• Directions for this task: Find the line containing "2026 Yamaha XSR900 XSR Red" in the records below. Copy exactly that line and each one after it, ending at the line containing "Ford Kuga on BGW Compton", and nothing more.

• Scraped caption text data:

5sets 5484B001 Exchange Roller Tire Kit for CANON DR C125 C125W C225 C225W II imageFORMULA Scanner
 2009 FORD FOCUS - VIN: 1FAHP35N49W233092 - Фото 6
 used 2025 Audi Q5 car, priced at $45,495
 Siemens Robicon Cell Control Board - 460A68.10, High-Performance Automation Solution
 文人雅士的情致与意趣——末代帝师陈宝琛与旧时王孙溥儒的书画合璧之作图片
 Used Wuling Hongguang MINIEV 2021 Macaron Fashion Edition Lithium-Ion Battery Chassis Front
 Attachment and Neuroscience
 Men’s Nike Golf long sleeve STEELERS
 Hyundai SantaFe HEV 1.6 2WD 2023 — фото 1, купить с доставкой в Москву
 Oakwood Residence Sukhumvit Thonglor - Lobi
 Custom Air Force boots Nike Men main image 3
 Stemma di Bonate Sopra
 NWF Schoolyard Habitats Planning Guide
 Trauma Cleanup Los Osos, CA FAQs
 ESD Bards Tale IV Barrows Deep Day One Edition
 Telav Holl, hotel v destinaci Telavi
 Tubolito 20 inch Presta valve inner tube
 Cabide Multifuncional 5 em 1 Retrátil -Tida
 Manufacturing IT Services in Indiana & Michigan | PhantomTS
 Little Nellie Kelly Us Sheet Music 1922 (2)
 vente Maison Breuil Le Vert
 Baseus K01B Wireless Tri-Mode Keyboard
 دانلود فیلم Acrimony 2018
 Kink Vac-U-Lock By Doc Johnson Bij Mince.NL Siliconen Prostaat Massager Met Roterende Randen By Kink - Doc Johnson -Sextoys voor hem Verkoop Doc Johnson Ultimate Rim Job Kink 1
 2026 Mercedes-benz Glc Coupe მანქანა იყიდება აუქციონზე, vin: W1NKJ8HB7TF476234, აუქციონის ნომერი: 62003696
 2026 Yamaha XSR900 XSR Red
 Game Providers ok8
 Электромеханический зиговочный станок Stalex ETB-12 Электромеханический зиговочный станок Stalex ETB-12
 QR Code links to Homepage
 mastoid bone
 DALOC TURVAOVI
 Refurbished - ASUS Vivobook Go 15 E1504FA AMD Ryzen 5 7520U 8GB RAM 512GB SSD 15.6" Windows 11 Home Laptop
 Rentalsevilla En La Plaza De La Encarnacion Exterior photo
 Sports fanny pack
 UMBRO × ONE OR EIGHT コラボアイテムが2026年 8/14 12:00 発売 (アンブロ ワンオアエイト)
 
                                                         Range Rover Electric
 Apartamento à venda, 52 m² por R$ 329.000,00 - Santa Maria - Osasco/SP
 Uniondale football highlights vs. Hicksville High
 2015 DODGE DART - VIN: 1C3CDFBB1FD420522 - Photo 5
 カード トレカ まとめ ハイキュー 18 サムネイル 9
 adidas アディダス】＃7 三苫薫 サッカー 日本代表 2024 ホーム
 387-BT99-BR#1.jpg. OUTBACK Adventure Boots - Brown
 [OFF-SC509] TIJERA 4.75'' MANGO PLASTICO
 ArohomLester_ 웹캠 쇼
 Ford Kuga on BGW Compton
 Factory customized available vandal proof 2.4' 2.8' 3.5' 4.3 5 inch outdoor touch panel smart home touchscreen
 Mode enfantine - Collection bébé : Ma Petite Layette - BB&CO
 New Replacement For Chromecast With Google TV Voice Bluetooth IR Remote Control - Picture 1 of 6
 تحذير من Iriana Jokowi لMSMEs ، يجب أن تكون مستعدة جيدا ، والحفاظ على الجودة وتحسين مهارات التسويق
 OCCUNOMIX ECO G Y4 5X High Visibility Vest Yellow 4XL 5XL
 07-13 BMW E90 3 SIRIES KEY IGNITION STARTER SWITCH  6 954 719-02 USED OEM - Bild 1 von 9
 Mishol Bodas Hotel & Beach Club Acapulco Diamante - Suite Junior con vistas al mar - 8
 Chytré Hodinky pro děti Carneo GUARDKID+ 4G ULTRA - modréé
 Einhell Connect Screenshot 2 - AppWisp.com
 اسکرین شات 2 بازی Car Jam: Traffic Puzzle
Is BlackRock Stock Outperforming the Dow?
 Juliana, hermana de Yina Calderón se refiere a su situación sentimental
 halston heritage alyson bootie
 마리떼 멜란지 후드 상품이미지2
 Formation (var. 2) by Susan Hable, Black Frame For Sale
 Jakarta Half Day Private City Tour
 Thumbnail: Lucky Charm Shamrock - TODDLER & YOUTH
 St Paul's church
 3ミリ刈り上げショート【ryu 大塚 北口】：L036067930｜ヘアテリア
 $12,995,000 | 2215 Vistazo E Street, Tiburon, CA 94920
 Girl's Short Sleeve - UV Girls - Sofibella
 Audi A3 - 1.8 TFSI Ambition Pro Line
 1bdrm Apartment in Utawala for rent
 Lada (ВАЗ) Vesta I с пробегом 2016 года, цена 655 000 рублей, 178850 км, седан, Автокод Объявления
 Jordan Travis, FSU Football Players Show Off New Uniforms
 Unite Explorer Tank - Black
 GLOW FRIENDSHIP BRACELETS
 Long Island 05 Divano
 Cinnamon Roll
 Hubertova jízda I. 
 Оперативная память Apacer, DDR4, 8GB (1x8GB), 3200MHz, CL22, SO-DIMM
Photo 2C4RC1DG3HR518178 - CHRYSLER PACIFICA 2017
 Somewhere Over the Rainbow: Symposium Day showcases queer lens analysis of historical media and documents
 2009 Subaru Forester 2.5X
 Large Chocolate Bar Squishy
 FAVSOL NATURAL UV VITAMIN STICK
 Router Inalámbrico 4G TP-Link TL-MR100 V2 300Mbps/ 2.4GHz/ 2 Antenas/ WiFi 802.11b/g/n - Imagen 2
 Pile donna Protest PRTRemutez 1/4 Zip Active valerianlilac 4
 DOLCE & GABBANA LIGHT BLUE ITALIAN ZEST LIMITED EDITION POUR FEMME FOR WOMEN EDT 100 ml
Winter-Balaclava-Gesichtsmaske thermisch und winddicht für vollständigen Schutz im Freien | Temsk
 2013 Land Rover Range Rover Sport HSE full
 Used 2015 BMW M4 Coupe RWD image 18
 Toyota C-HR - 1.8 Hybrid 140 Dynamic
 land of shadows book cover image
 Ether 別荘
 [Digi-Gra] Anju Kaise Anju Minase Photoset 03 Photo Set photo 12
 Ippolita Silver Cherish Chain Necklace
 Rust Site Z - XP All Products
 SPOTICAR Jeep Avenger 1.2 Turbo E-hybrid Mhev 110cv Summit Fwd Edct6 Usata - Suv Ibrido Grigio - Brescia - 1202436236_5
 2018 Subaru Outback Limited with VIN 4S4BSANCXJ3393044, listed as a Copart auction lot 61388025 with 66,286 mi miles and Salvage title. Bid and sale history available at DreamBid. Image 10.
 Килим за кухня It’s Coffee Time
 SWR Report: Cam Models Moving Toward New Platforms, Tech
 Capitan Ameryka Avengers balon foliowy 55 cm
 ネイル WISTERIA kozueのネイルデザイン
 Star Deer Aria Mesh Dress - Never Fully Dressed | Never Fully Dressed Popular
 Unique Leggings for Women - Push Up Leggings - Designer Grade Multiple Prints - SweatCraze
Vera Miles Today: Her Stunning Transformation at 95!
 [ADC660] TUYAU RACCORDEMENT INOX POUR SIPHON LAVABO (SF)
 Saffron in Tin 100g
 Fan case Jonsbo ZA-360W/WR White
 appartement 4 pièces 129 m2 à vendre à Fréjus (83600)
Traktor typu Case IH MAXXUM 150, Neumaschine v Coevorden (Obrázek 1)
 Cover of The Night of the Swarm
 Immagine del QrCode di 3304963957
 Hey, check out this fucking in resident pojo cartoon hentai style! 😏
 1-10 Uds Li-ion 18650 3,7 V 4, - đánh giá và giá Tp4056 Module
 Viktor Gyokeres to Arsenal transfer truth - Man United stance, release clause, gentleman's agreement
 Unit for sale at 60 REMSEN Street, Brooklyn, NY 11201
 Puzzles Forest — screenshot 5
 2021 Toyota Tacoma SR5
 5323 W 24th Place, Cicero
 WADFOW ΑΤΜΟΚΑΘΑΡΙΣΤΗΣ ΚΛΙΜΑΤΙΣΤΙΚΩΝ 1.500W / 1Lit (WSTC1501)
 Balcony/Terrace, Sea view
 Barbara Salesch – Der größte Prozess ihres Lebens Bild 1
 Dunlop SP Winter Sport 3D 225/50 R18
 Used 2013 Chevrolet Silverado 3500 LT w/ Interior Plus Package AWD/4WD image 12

• Solution to this problem:
 2026 Yamaha XSR900 XSR Red
 Game Providers ok8
 Электромеханический зиговочный станок Stalex ETB-12 Электромеханический зиговочный станок Stalex ETB-12
 QR Code links to Homepage
 mastoid bone
 DALOC TURVAOVI
 Refurbished - ASUS Vivobook Go 15 E1504FA AMD Ryzen 5 7520U 8GB RAM 512GB SSD 15.6" Windows 11 Home Laptop
 Rentalsevilla En La Plaza De La Encarnacion Exterior photo
 Sports fanny pack
 UMBRO × ONE OR EIGHT コラボアイテムが2026年 8/14 12:00 発売 (アンブロ ワンオアエイト)
 
                                                         Range Rover Electric
 Apartamento à venda, 52 m² por R$ 329.000,00 - Santa Maria - Osasco/SP
 Uniondale football highlights vs. Hicksville High
 2015 DODGE DART - VIN: 1C3CDFBB1FD420522 - Photo 5
 カード トレカ まとめ ハイキュー 18 サムネイル 9
 adidas アディダス】＃7 三苫薫 サッカー 日本代表 2024 ホーム
 387-BT99-BR#1.jpg. OUTBACK Adventure Boots - Brown
 [OFF-SC509] TIJERA 4.75'' MANGO PLASTICO
 ArohomLester_ 웹캠 쇼
 Ford Kuga on BGW Compton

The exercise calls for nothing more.